Task brief
Leaving out every line that comes before the one containing "Essence Bronzed This", output the rest of the records exactly, the final line included.
The data below:
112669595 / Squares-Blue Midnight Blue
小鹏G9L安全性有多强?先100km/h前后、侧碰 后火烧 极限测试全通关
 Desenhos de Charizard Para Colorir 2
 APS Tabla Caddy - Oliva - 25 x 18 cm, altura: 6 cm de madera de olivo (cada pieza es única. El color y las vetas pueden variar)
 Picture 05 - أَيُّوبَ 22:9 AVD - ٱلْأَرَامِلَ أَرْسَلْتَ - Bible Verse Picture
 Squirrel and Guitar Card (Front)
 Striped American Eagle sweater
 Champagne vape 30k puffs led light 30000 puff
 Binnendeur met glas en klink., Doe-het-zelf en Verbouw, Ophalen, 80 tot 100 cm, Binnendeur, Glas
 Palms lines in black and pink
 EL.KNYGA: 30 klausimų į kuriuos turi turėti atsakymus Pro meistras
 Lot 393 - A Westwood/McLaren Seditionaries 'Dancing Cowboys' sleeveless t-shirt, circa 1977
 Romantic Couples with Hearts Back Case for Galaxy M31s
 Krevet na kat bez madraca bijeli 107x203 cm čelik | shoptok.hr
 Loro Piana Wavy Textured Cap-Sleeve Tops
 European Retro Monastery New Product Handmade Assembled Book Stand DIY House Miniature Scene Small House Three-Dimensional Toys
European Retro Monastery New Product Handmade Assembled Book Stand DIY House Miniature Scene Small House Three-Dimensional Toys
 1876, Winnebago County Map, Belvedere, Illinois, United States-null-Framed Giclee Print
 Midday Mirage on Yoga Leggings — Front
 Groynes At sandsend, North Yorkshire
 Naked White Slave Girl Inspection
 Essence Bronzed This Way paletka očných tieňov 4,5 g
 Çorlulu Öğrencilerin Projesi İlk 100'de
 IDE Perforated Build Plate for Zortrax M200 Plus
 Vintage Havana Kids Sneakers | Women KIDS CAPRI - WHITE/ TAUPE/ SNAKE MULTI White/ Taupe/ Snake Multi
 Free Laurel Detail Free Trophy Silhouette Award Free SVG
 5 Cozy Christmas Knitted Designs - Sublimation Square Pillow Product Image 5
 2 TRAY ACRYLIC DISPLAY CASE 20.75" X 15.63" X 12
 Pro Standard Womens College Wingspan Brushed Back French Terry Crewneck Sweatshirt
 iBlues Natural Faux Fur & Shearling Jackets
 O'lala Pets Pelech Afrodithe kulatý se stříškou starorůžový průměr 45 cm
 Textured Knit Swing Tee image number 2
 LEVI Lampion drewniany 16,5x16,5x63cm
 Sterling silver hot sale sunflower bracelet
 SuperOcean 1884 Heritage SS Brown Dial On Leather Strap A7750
End of The data.
Written answer
 Essence Bronzed This Way paletka očných tieňov 4,5 g
 Çorlulu Öğrencilerin Projesi İlk 100'de
 IDE Perforated Build Plate for Zortrax M200 Plus
 Vintage Havana Kids Sneakers | Women KIDS CAPRI - WHITE/ TAUPE/ SNAKE MULTI White/ Taupe/ Snake Multi
 Free Laurel Detail Free Trophy Silhouette Award Free SVG
 5 Cozy Christmas Knitted Designs - Sublimation Square Pillow Product Image 5
 2 TRAY ACRYLIC DISPLAY CASE 20.75" X 15.63" X 12
 Pro Standard Womens College Wingspan Brushed Back French Terry Crewneck Sweatshirt
 iBlues Natural Faux Fur & Shearling Jackets
 O'lala Pets Pelech Afrodithe kulatý se stříškou starorůžový průměr 45 cm
 Textured Knit Swing Tee image number 2
 LEVI Lampion drewniany 16,5x16,5x63cm
 Sterling silver hot sale sunflower bracelet
 SuperOcean 1884 Heritage SS Brown Dial On Leather Strap A7750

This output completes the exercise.